When reading this article, I was struck by how important the role of a manager is for an organization, and how the modern thought regarding who best fills the role of a manager is outdated. Today many organizations fill the role manager by using it as a “reward” for performance in non-managerial roles or give it to most experienced or tenured employees (Gallup Analytic Group, 2015). As the text discussed, being a good leader takes five key attributes: being a motivator, are assertive to the point where they can drive outcomes in the face of adversity and resistance, make decisions based on productivity and not politics, create a culture of accountability, and build open, trustworthy relationships (Gallup Analytic Group, 2015). These 5 attributes would also seem to be the attributes needed to create a corporate strategy and implement it in a corporate setting. Moving forward we can discuss the roles that these leaders fill such as informational roles, such as sharing information and being a spokesperson, decisional roles in making top decisions and the interpersonal role being a leader and liaison (Carpenter & Sanders, 2008). I would submit that most leaders can be a combination of the three.
I would also venture to state that these attributes are also ones needed to become an effective CEO. Additionally, Agle, Mitchell, and Sonnenfeld (1999) found that an effective CEO must be able to manage a relationship between stakeholders, internal managers, and their own value-perception. I believe that there are similarities between what makes an effective manager and an effective CEO, although accordingly CEO’s have a greater burden when it comes to performance factors and strategic implementation and leadership. Some reading from the texts also states that personality traits of a CEO are viable means of screening, however not much importance should be placed on them since many different personalities can be CEO material (Carpenter & Sanders, 2008). Demographically speaking, CEO’s were historically white males, ages 45-60, with a degree in finance, law, or accounting, however this paradigm is changing as more private company CEO’s are reflecting the diversity of the U.S. (Carpenter & Sanders, 2008). What I found interesting is that in a study of CEO’s with higher levels of narcissistic personality traits, the firms they lead had higher share price and earning-per-share than those CEO’s that did not (Olsen, Dworkis, and Young, 2013).
When discussing back to what makes an effective team, the text corroborates what we have learned in previous classes about the need for a team made up of diverse backgrounds. This not only includes a diverse demographic background, but also diverse in terms of functions in an organization, and experience (Carpenter & Sanders, 2008). When we touch on succession planning, the text notes that succession planning can help facilitate a smooth transition to when top management personnel leave (Carpenter & Sanders, 2008). Additionally Groves (2005) writes that succession planning can help develop middle and lower management employees and instead of shifting the responsibility to a human resources department, organizations can start implementing a mentor network, identifying high potential employees, and finally developing high potentials employees through project-based learning experiences and manager-facilitated workshops.

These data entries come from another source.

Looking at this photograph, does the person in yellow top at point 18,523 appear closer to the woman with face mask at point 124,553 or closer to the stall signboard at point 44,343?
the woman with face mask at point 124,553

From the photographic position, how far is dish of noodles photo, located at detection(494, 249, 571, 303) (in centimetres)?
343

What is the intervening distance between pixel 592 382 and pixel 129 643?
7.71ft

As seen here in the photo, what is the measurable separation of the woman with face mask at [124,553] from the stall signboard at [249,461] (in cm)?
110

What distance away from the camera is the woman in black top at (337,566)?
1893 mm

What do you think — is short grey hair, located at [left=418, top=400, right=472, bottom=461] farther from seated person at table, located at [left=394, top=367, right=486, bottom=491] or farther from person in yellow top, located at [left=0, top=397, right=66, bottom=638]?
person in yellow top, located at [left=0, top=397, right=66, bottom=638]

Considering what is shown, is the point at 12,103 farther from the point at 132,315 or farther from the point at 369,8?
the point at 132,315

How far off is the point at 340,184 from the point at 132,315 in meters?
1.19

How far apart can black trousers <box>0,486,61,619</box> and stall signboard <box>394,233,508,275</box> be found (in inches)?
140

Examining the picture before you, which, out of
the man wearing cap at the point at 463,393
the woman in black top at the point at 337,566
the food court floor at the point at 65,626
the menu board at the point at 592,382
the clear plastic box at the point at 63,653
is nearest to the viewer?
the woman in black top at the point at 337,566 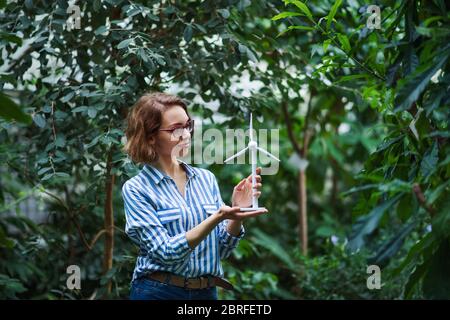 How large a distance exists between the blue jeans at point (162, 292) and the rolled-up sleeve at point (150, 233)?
0.43ft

Agle, B. R., Mitchell, R. K., & Sonnenfeld, J. A. (1999). Who matters to Ceos? An investigation of stakeholder attributes and salience, corpate performance, and Ceo values. Academy of management journal, 42(5), 507-525.
Carpenter, M. A., & Sanders, W. G. (2008). Strategiv Management. Upper Saddle River: Pearson Prentice Hall.
Gallup Analytical Group. (2015). State of the American Manager. Gallup Inc.
Groves, K. S. (2007). Integrating leadership development and succession planning best practices. Journal of management development, 26(3), 239-260.
Olsen, K. J., Dworkis, K. K., & Young, S. M. (2013). CEO narcissism and accounting: A picture of profits. Journal of management accounting research, 26(2), 243-267.